Co-leaders Luke Sharman and Mary Hall sported an orange jack-o'-lantern suit and cat PJs.

Hall has been "hooked" since her first Nerd Nite where a presenter talked about "The Golden Girls." She has been a co-leader for about six years, curating prizes, soliciting speakers and dishing memorable presentations. See: the Japanese toilet.

"That's what I get remembered for the most," she said.

For the curious, the johns in Japan can be high-tech with music, heat controls, an electronic bidet; in rural areas, you're basically squatting over a hole in the floor, she said.

Funny and informative has always been the vibe for Nerd Nite, which launched in 2003 in Boston. It made its way to Duluth in 2010, thanks to Crystal Pelkey, Adam Brisk and Jeremy Nilson.

Today, there are events in more than 100 cities around the world including Chicago, Denver, Hong Kong and Melbourne.
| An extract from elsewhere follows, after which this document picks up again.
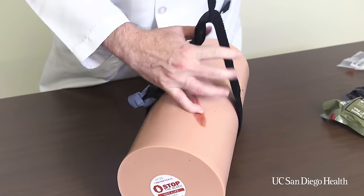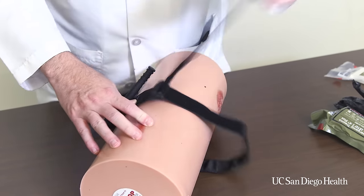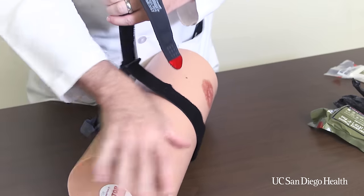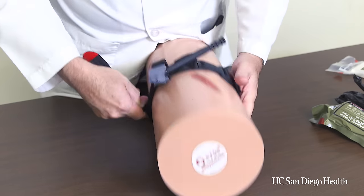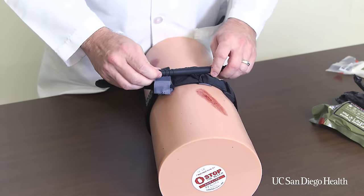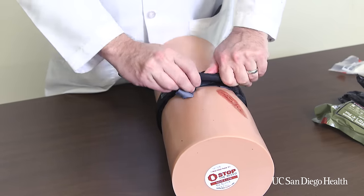Then we pull on the red strap and we snug this down fairly firmly. If you make this tight at this step it gets much easier to apply the tourniquet. We'll put that on nice and tight, bring the strap around up to but not through the clip yet. Then we'll take the windlass rod and begin to twist it — it doesn't matter which way you twist it.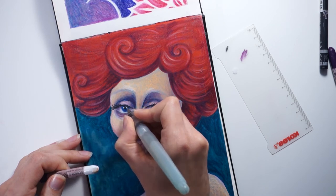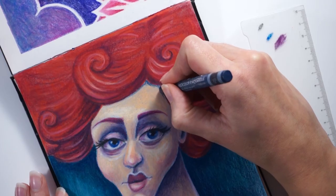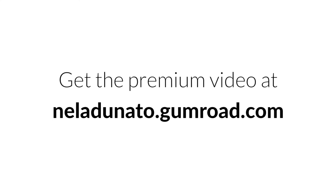These techniques are suitable for any skill level and any style of portrait drawing. Join me and let's draw some fun portraits!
Nilson helps continue the tradition with Hall and Luke Sharman, who came on after Lawrence Lee moved about a year and a half ago. "If you need another white, bald guy, let me know,'" Sharman recalled saying.

During Sharman's recent talk on Foucault, he compared China's social media credit score to an episode on "Black Mirror." Days later on social media, a Facebook follower linked to the episode on the Nerd Nite page.

Engaging, sharing and laughter is at the heart of Nerd Nite, and yes, the group has seen repeat pitches.

"Zelda," "Doctor Who," a bazillion different "Star Wars"-related presentations, Hall said. They do try to steer these to more specific angles to avoid redundancy.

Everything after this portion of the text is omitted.